Adapun kepada seorang murid, banyak kisah ulama dan para sahabat yang patut dijadikan suri tauladan. Akhlak serta beradab yang baik merupakan kewajiban yang tidak boleh dilupakan seorang murid kepadaa gurunya.  Rasulullah Saw. bersabda;

لَيْسَ مِنَّا مَنْ لَمْ يُجِلَّ كَبِيرَنَا، وَيَرْحَمْ صَغِيرَنَا، وَيَعْرِفْ لِعَالِمِنَا

“Tidak termasuk golongan kami orang yang tidak memuliakan yang lebih tua dan menyayangi yang lebih muda serta yang tidak mengerti (hak) orang yang berilmu (agar diutamakan pandangannya).” (Riwayat Ahmad)

Manakala Ibnu al-Jamaah mengatakan (mafhumnya), “Seorang penuntut ilmu harus duduk dengan sopan di hadapan gurunya, tenang, tawadhu’, mata tertuju kepada guru, tidak menyelunjurkan kaki, tidak bersandar, tidak tertawa dengan keras, tidak duduk di tempat yang lebih tinggi dari gurunya  juga tidak membelakangi gurunya.”

Para sahabat Rasulullah Saw. didapati tidak pernah berlaku buruk pada Rasulullah Saw, tidak pernah memotong ucapan atau mengeraskan suara dihadapan Rasulullah Saw. Bahkan Umar bin Khattab yang terkenal keras tidak pernah mengeraskan suaranya didepan Rasulullah Saw.

Hadits yang dikeluarkan daripada Abi Said al-Khudry radhiallahu ‘anhu juga menjelaskan:

كُنَّا جُلُوسًا فِي الْمَسْجِدِ فَخَرَجَ رَسُولُ اللَّهِ صَلَّى اللَّهُ عَلَيْهِ وَسَلَّمَ فَجَلَسَ إلَيْنَا وَلَكَأَنَّ عَلَى رُءُوسِنَا الطَّيْرَ، لَا يَتَكَلَّمُ أَحَدٌ مِنَّا

“Saat kami sedang duduk-duduk di masjid, maka keluarlah Rasulullah sallallahualaihi wasallam, kemudian beliau duduk di hadapan kami. Maka seakan-akan di atas kepala kami terdapat burung. Tidak ada satu pun daripada kami yang berbicara.”

Begitu pula seorang murid yang harus bersabar ketika menghadapi guru yang memiliki cara keras dalam mengajar. Hal ini sesuai nasihat Imam Syafi’i yang berbunyi:

اصبر على مر من الجفا معلم، فإن رسوب العلم في نفراته

“Bersabarlah terhadap kerasnya sikap seorang guru, sesungguhnya gagalnya mempelajari ilmu kerana memusuhinya.”

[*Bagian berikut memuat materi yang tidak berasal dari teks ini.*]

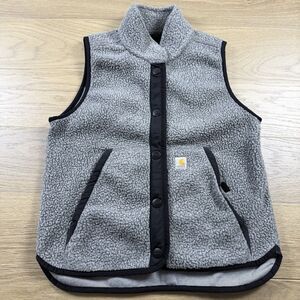 Carhartt Jacket Women Small Relaxed Fit Snap Front Fleece Vest Gray Sherpa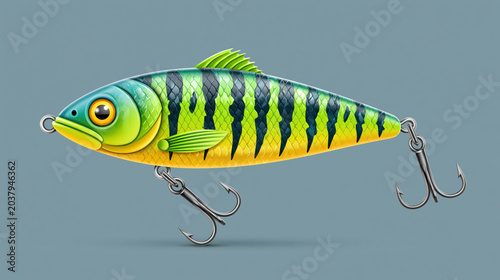 3D isometric game icon of a vibrant, realistic fishing wobbler lure with yellow and green perch pattern isolated on a gray background created with Generative AI Technology, ai, generative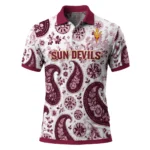 Arizona State Sun Devils Polo Shirt Personalized Paisley Florals Maroon White Best Selling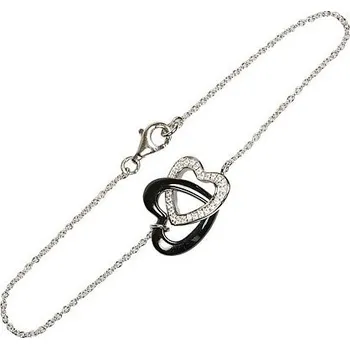 Náramek Stříbrný náramek s keramickým srdíčkem délka náramku 18cm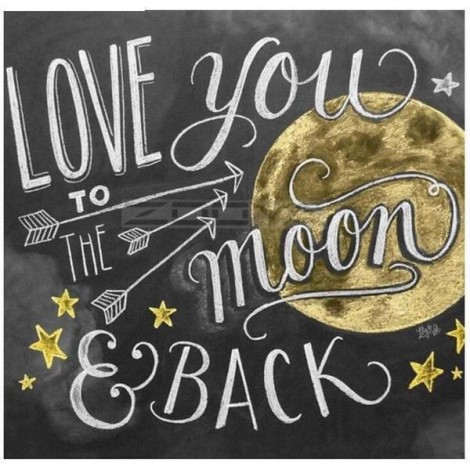2019 New Hot Sale LOVE You Moon Blackboard 5d Diy Diamond Painting Kits UK VM9098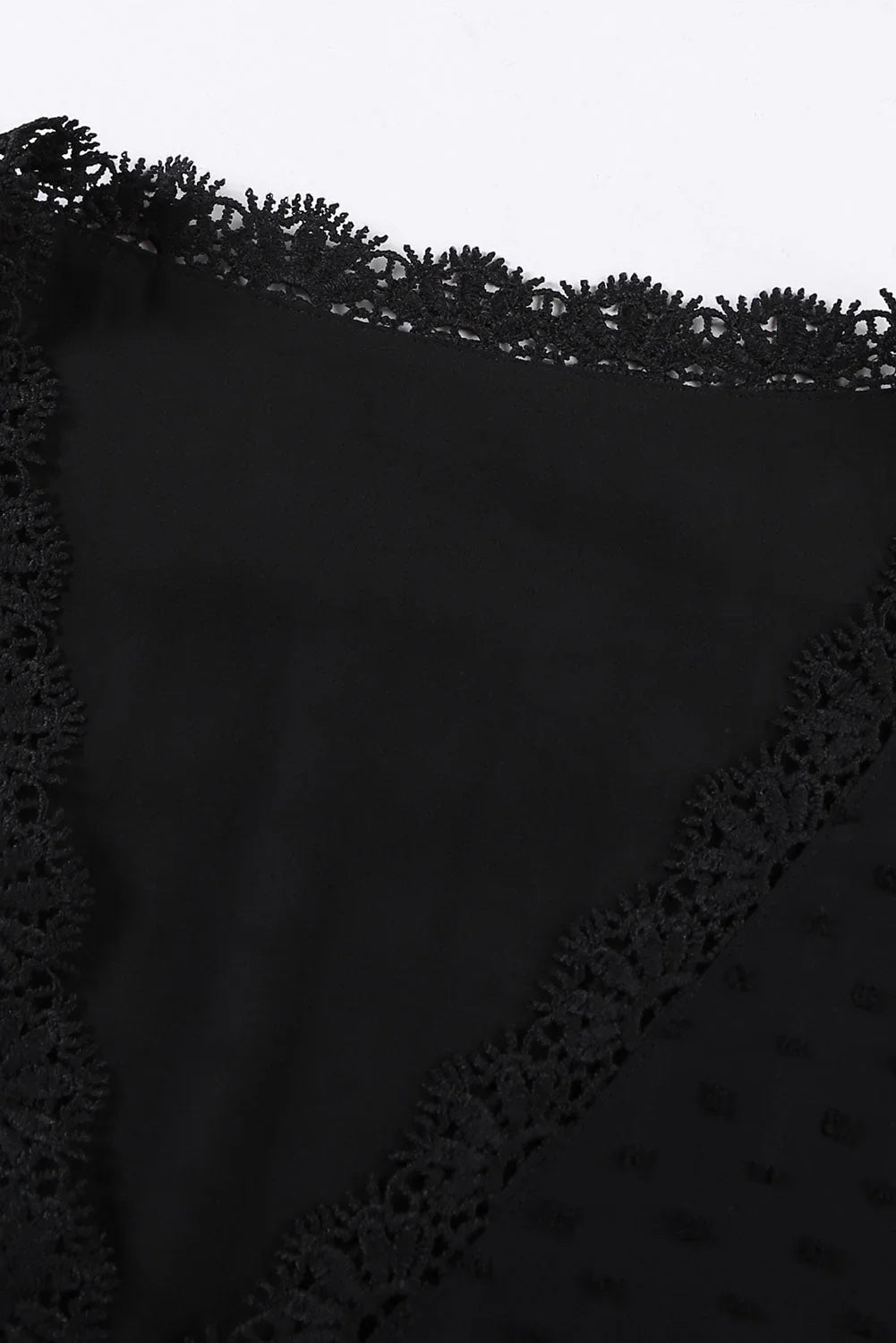 Plus Size Swiss Dot Spliced Lace V - Neck Blouse - VILLA FASHION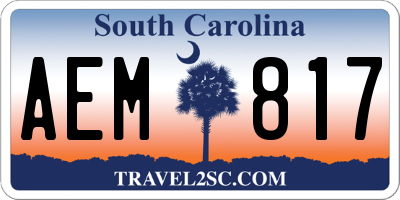 SC license plate AEM817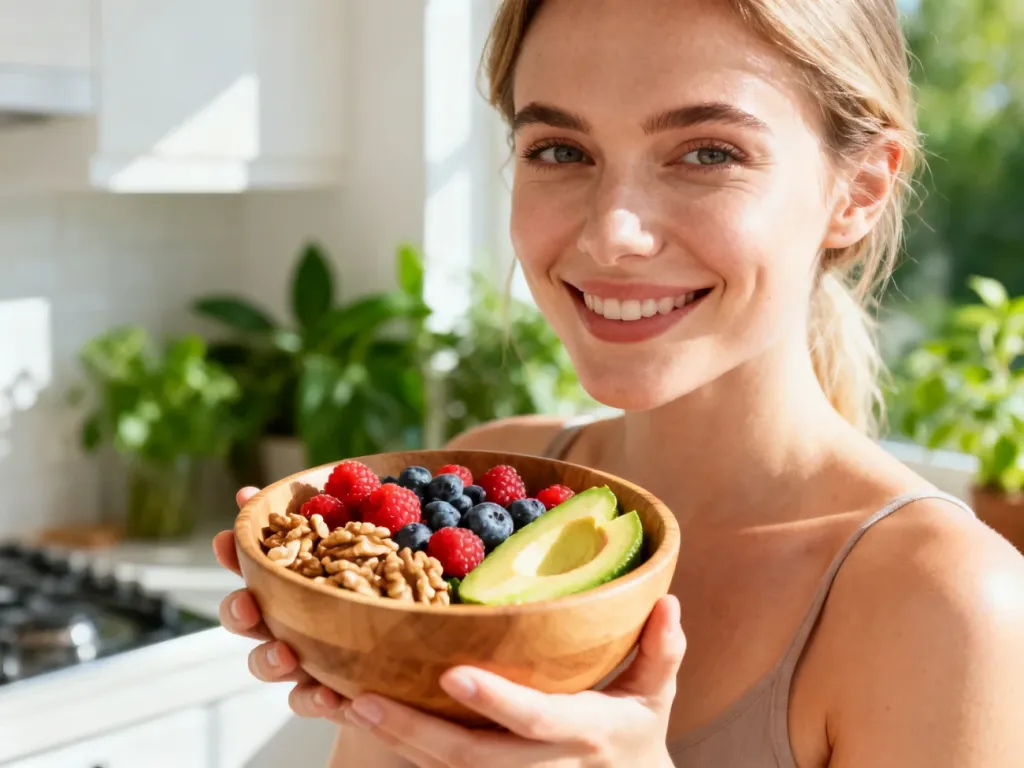 Uśmiechnięta kobieta trzymająca miskę ze świeżymi owocami, orzechami i awokado, promująca zdrową dietę dla promiennej cery.
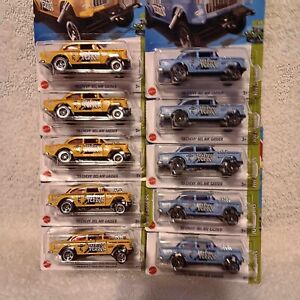 HOT WHEELS LOT OF 10 '55 CHEVY GASSERS FROM 2023 GREAT FOR CUSTOMS PLEASE READaa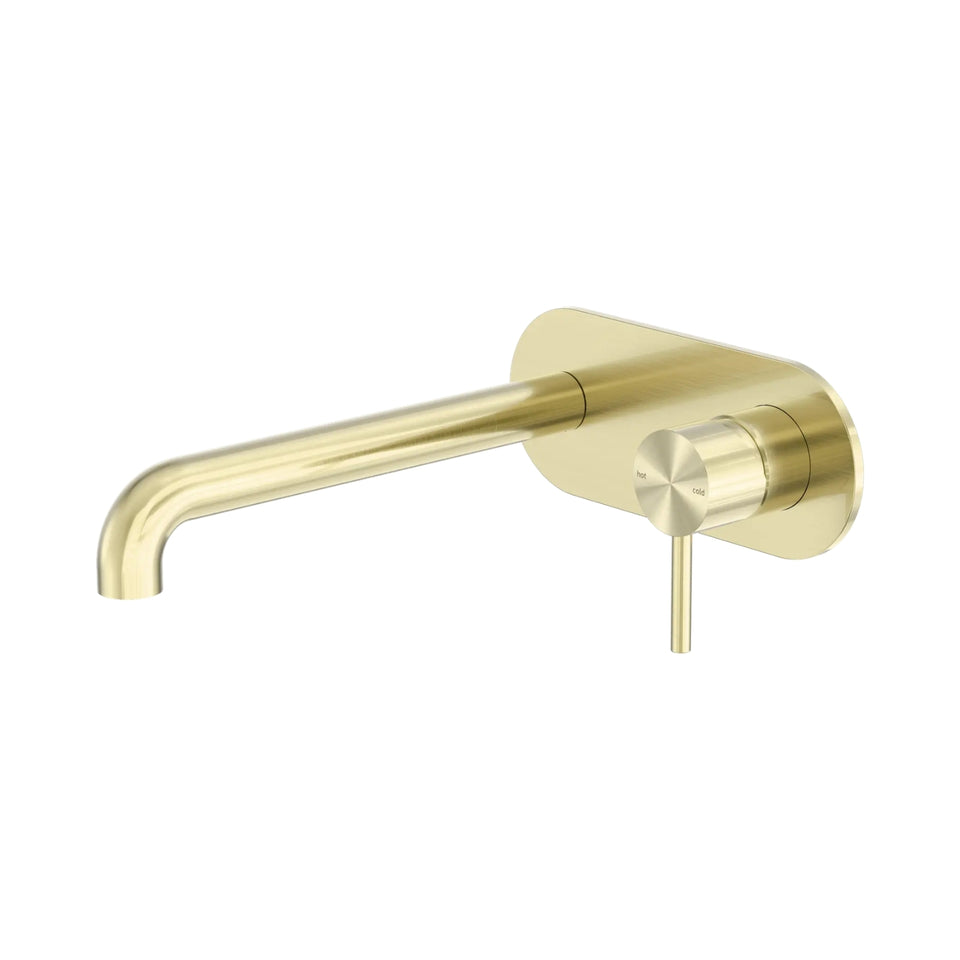 Nero Zen SS316L Wall Basin/Bath Mixer 230mm Spout Brushed Gold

Seorang guru tidak seharusnya memberikan teguran kepada murid hingga kontak fisik berupa perkelahian, nada berbicara yang tinggi, hal ini tentu tidak mencerminkan watak seorang guru yang baik. Begitu pula seorang murid harus mampu mengingatkan gurunya dengan lembut ketika sang guru didapati khilaf dalam suatu permasalahan. Membangun komunikasi antara guru dan murid merupakan peranan penting semua guru, tidak hanya tugas guru bimbingan (konseling) yang mampu mengerti psikologi seorang murid.